Tsat (Transferrin saturation:トランスフェリン飽和度) は、血清鉄と、トランスフェリンほか血中の鉄輸送タンパクの比です。どのくらい鉄輸送タンパクの結合部位が飽和しているかの指標であり、鉄欠乏状態では(血清鉄は低下し、鉄輸送タンパクは増加するので)低下します。
Tsat =(血清鉄 ÷ TIBC)× 100
で計算されます。
Tsat の解釈におけるピットフォールとは?
Tsatは比率なので、分子(血清鉄)と分母(TIBC – 鉄輸送タンパク)の変動に影響を受けます。鉄欠乏状態であるのにTsatが偽陰性で上昇するパターンとしては、血清鉄の上昇、TIBCの低下があります。
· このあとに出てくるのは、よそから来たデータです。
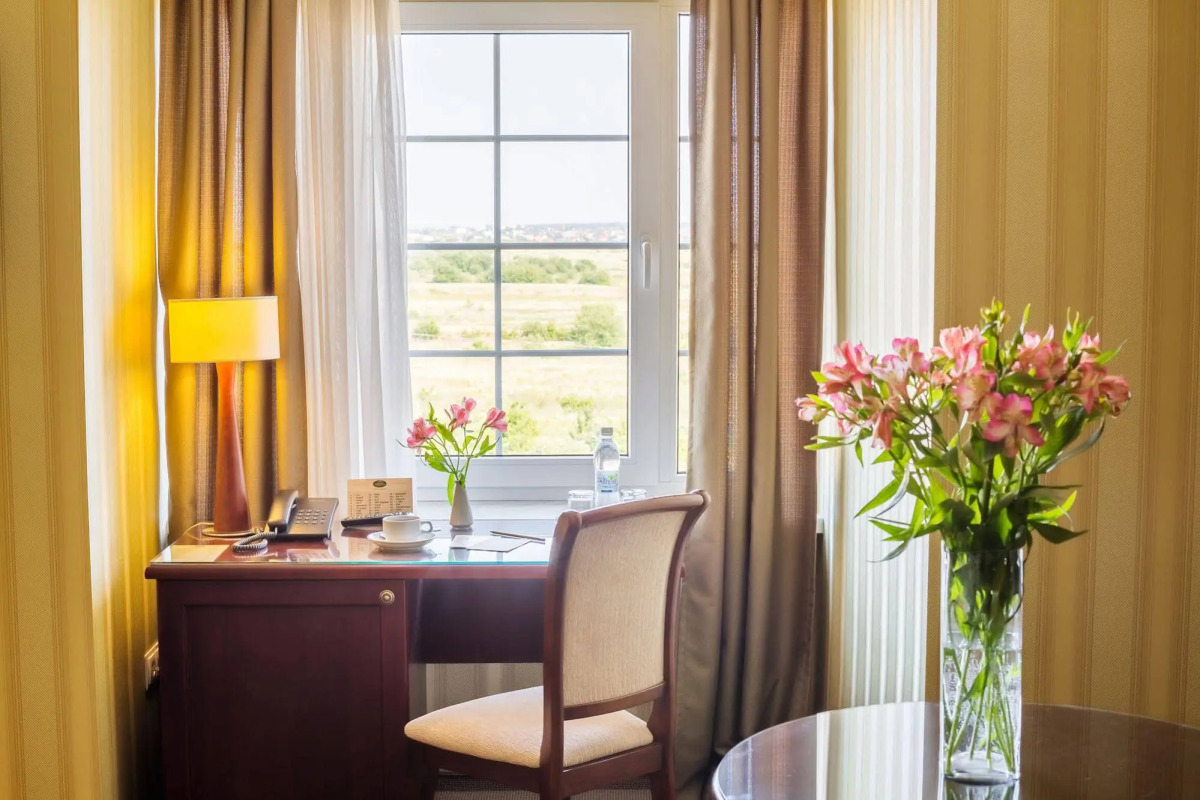 «Панска Гора»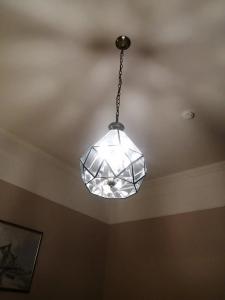 Gostinitsa "gayd Park" - 31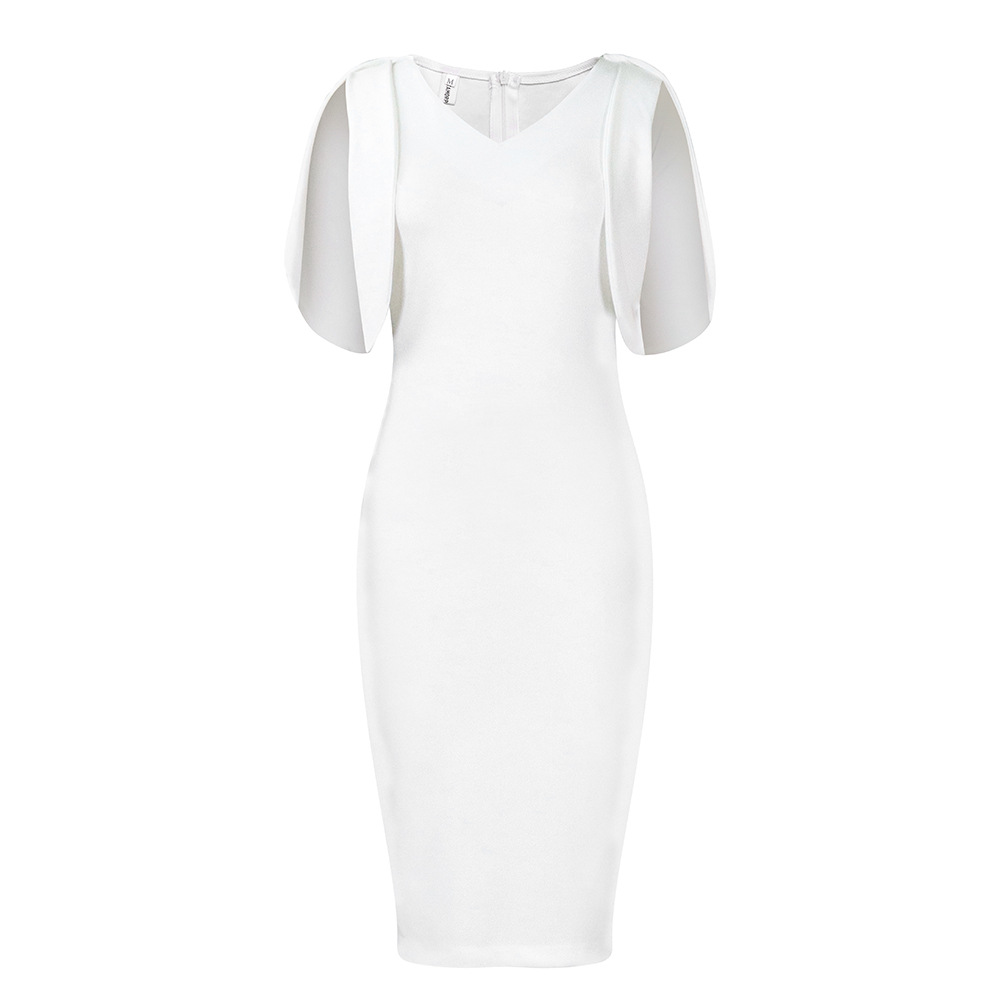Women's Summer Elegant Bodycon Dress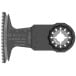 Lames de scie plongeante bois dur Bosch Starlock Curved-Tec Precision AII 65 BSPB / 5pce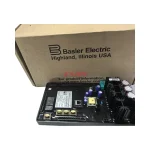 Basler Electric DECS-150 5N52V1N1S Digital Excitation Control System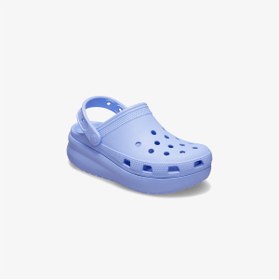 تصویر کودکان کلاسیک Slipper Purple کراکس Crocs 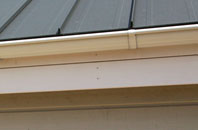 Birkhill soffit repair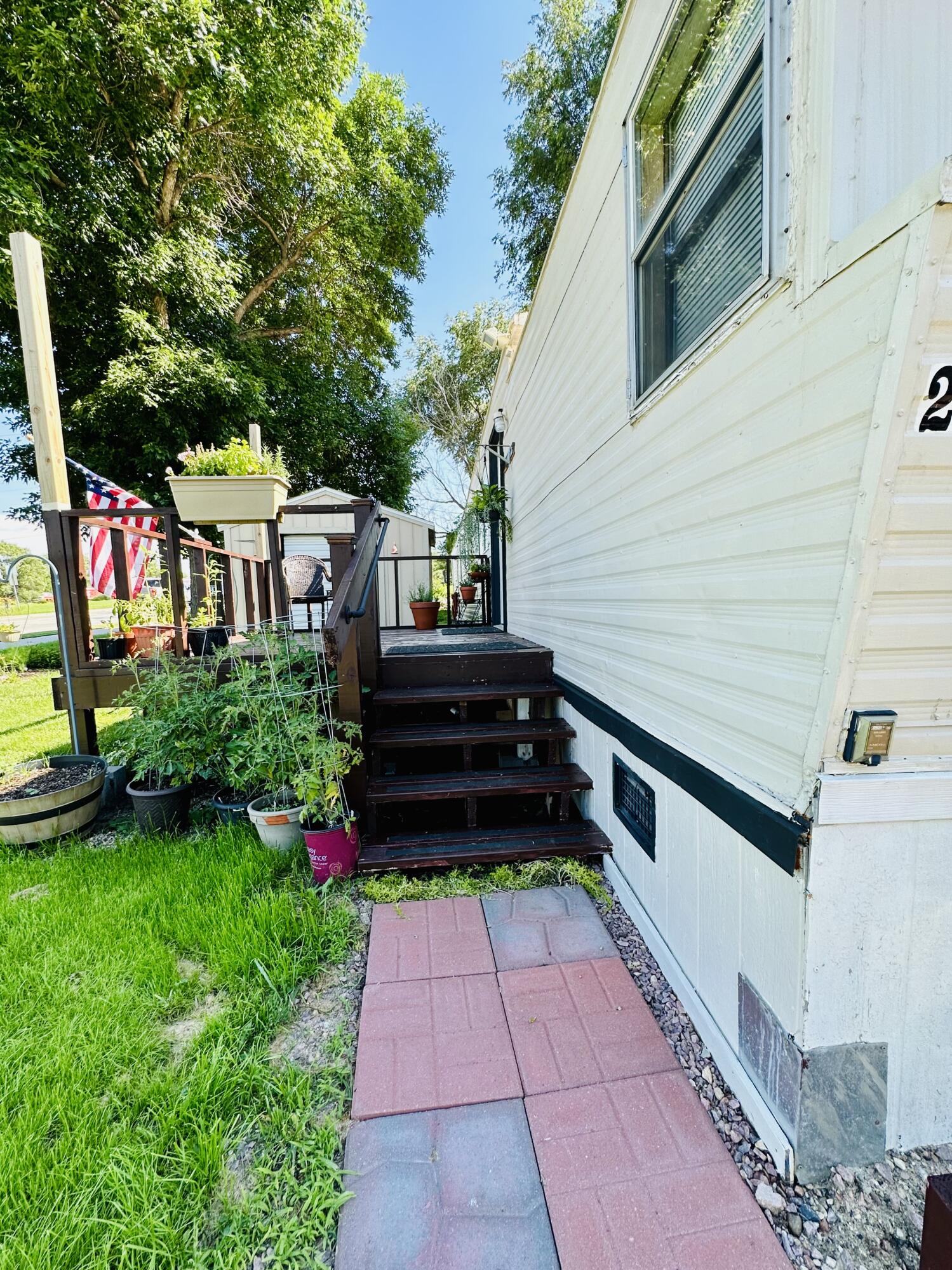 1220 Lt201 E Havens Ave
Tsat(トランスフェリン飽和度)が正確に鉄欠乏を反映しない状態
- 血清鉄の上昇
- 鉄剤摂取、輸血投与
- 溶血
- TIBCの低下
- 炎症(アルブミンと同じくacute phase reactantであり炎症で低下する)
炎症性疾患がある際は、フェリチンもTsatも信頼性は低くなります。鉄欠乏を正確に診断するのは非常に難しいのですが、現実的には鉄補充に反応するかどうかが臨床的に大切になります。
頻度が高くかつ頻繁に見逃されているだろうことを懸念して、慢性心不全・慢性腎臓病・炎症性腸疾患だけを対象に、国際的なエキスパート・オピニオンが2017年に出されています:
- 慢性心不全・慢性腎臓病・炎症性腸疾患においては、血清フェリチン <100 or TSAT <20% をカットオフ値とすることを提唱したい (Am J Hematol. 2017;92:1068–1078.)
カットオフ値を下回った症例では、鉄補充・その後のリアセスメントというアクションに結びつくことになります。